I'm looking forward to the first AI computer virus when a LLM can make arbitrary connections to the web. Each iteration takes its own code, modifies it slightly with a standard prompt ("Make this program work better as a virus"), then executes the result. Most of these "mutations" would be garbage, but it's not impossible some will end up matching common tactics: phishing, posing as downloadable videos for popular TV shows. I'm infosec-ignorant, so most of those details are probably dumb. But I think the kernel holds true: a virus that edits its own code at each step, backed by the semantic "intent" of a LLM.




Isn't that basically Genetic Programming?

En passant, it's a bit sad that today's AI is almost 100% neural networks. I wonder how many evolutionary approaches are being tested behind closed doors by the metaphorical FAANGs.


>Isn't that basically Genetic Programming?

Never heard of that, but looks very interesting. Thus the adage is reinforced for me, "If you think you're ignorant, just say what you know and wait for smarter people to correct you."

But, going by Wikipedia, genetic programming uses a predefined and controlled selection process. A self-editing computer virus would be "selected" by successfully spreading itself to more hosts. "Natural" selection style.


The overarching field is called evolutionary computation. But you don't have to choose either evolutionary computation or neural networks, they can be combined, look up stuff like NEAT and HyperNEAT where you evolve neural networks, both their topologies and weights.

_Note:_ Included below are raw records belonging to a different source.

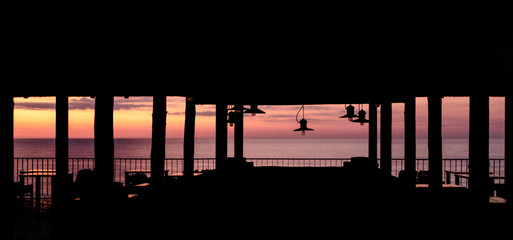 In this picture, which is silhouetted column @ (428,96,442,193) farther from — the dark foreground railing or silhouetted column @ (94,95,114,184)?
silhouetted column @ (94,95,114,184)

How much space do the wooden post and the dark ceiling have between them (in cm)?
17

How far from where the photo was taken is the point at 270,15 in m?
3.61

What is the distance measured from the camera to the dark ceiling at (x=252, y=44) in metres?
3.56

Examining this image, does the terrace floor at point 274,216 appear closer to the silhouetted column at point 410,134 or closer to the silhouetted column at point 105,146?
the silhouetted column at point 105,146

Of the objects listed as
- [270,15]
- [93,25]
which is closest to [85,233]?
[93,25]

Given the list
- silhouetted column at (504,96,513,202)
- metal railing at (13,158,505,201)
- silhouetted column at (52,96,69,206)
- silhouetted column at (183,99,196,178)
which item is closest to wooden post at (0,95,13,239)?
silhouetted column at (52,96,69,206)

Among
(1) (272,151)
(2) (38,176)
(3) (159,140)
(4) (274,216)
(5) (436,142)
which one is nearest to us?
(4) (274,216)

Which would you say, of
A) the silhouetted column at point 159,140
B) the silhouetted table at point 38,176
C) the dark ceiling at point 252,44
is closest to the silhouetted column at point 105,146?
the dark ceiling at point 252,44

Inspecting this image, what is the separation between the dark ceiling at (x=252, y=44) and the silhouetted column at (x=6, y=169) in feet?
0.56

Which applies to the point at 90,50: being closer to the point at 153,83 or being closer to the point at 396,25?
the point at 153,83

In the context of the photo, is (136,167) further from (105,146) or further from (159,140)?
(105,146)

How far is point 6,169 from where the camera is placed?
3.85 m

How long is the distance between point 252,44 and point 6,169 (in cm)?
250

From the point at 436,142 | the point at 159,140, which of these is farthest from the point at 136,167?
the point at 436,142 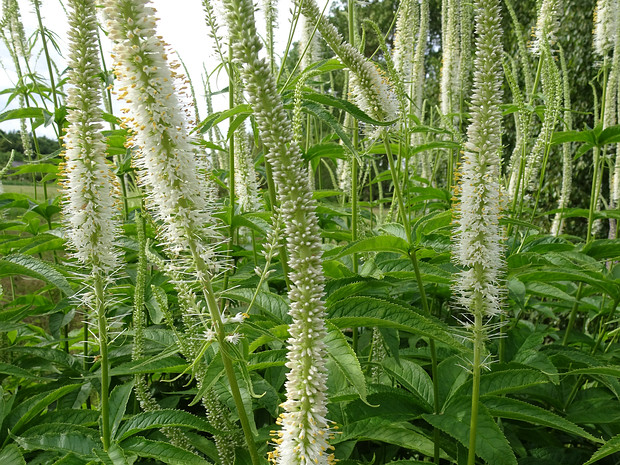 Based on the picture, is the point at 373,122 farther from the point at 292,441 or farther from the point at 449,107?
the point at 449,107

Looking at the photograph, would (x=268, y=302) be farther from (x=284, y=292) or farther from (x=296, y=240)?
(x=284, y=292)

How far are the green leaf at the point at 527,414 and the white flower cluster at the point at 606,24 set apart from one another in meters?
4.29

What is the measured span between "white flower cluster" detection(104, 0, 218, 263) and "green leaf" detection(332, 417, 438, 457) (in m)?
0.97

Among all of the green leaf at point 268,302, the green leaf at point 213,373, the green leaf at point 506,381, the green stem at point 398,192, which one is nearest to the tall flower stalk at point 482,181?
the green leaf at point 506,381

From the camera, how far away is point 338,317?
6.39 ft

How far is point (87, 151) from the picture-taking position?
6.05 ft

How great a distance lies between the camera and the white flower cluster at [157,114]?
4.98 ft

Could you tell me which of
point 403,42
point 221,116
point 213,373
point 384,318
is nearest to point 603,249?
point 384,318

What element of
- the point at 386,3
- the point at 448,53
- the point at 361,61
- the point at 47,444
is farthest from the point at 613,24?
the point at 386,3

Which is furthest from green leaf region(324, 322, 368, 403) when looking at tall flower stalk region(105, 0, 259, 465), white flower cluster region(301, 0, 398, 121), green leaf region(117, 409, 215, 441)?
white flower cluster region(301, 0, 398, 121)

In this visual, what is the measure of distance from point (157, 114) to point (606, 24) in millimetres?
5128

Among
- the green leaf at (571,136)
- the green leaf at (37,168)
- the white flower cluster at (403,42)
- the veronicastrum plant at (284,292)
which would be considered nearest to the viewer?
the veronicastrum plant at (284,292)

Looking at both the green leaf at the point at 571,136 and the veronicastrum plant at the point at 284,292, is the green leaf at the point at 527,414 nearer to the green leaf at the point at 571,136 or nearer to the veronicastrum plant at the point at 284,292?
the veronicastrum plant at the point at 284,292

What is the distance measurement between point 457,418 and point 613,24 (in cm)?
467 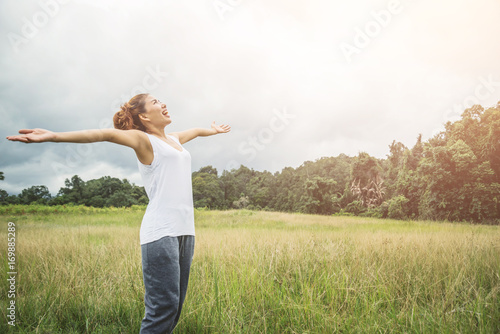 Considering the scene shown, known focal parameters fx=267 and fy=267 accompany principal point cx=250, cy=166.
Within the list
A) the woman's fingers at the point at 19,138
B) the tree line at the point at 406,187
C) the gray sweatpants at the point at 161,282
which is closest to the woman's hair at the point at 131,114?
the woman's fingers at the point at 19,138

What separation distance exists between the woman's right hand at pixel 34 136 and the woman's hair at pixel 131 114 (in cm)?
59

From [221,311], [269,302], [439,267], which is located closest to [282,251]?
[269,302]

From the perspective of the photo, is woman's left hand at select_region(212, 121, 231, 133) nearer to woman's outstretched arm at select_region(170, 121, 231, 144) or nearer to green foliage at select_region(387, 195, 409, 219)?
woman's outstretched arm at select_region(170, 121, 231, 144)

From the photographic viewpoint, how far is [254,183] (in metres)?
46.5

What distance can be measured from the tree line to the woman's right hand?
1515 cm

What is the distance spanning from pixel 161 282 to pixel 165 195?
22.6 inches

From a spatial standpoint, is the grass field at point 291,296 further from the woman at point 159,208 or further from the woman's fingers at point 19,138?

Aren't genetic/evolutionary algorithms also neural nets? The current big thing would be backpropagation/gradient descent, which are apparently superior to genetic algorithms for most relevant tasks.


> Aren't genetic/evolutionary algorithms also neural nets?

No (although note my comment above about stuff like NEAT and HyperNEAT, where you can use evolutionary computation to evolve neural networks).